LL: I always go to Get Stuffed in Islington for the best taxidermy. It means you know that it has all of the correct paperwork and the animals come from zoos when they die of old age or of natural causes. We actually had our wedding list there too!
EM: Can you tell me a bit about the art in your home, both the graffitied and non-graffitied works (LOVE the cock tease one)?
LL: I try to keep the art throughout the house quite fun/rude. It’s mostly reproduction framed canvas prints that I paint slogans over. They’re usually just slogans that make us both laugh – particularly when a neighbour stops by and spots them for the first time. It’s not everyone’s taste but it usually elicits a smile or something from most people. Some are antique oil paintings of landscapes that I’ve painted little monsters onto too. Honestly I don’t know why, I just know they make great gifts for my husband at Christmas; he loves them.
EM: Any interior design tips?
LL: Clashing is good. You can never have too many books. Abigail Ahern artificial plants are the best things in the world.

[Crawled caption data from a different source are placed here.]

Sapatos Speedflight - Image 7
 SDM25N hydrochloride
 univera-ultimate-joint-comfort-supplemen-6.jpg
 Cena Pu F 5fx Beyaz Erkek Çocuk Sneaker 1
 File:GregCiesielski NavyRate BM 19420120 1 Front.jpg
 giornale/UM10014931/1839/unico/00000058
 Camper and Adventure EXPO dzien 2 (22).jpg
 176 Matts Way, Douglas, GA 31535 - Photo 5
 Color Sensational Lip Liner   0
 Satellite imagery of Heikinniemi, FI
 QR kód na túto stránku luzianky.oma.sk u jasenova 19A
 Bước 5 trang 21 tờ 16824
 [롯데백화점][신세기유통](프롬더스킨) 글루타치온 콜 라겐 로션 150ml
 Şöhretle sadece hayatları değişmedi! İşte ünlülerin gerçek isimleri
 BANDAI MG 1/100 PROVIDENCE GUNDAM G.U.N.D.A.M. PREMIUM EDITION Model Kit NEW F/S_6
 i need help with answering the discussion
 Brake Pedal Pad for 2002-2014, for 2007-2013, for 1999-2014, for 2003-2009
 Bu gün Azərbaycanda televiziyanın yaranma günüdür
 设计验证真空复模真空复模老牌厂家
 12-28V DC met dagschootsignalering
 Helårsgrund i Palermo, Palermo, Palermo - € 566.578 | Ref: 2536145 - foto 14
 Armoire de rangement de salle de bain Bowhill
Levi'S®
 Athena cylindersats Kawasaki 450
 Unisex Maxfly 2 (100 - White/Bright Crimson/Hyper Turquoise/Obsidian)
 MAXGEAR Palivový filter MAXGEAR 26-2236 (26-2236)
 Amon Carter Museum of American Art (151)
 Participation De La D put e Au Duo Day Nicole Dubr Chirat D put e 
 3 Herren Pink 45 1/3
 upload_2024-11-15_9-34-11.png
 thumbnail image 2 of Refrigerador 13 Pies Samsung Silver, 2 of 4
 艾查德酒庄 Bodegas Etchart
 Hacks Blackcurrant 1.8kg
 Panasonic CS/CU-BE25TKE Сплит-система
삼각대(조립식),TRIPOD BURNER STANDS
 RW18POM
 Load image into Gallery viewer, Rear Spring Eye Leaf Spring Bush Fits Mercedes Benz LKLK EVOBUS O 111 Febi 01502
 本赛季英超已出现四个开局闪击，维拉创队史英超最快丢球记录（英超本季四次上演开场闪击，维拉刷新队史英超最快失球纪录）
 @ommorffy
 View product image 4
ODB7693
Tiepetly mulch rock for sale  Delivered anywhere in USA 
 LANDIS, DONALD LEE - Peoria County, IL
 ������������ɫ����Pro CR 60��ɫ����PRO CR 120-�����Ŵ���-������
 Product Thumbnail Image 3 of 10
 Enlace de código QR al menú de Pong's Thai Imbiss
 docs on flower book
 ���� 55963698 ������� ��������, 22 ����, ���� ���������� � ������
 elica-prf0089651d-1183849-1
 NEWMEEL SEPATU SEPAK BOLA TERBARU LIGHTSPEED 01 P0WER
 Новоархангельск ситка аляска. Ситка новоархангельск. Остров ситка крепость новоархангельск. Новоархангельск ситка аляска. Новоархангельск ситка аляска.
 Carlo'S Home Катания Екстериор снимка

EM: Best piece of fashion advice?
LL: I’m not sure I’m qualified to give anyone advice on fashion as I mostly just wear chef pants ( my husband will not be seen anywhere with me in these) but I guess I would say just dress for you and no one else.
EM: What does your husband think of your home? Does he get a say?
LL: We usually have similar ideas as we do have the same taste thankfully. Although it took me a year to get him on board with the colour coded books but now he loves it. I suggested we try it knowing full well that if he did hate it he’d never be arsed to put it all back. I think that’s how I get away with most of the things I end up dong in the house! He does occasionally have some shocking ideas though – such as getting a large birdcage to use as a dog crate as he hates how ugly the crate is. Thankfully the doors on birdcages are tiny (they’re for birds?!) so this isn’t feasible at all. Phew. Though I caught him looking for ‘birdcage with large door’ on Google last night...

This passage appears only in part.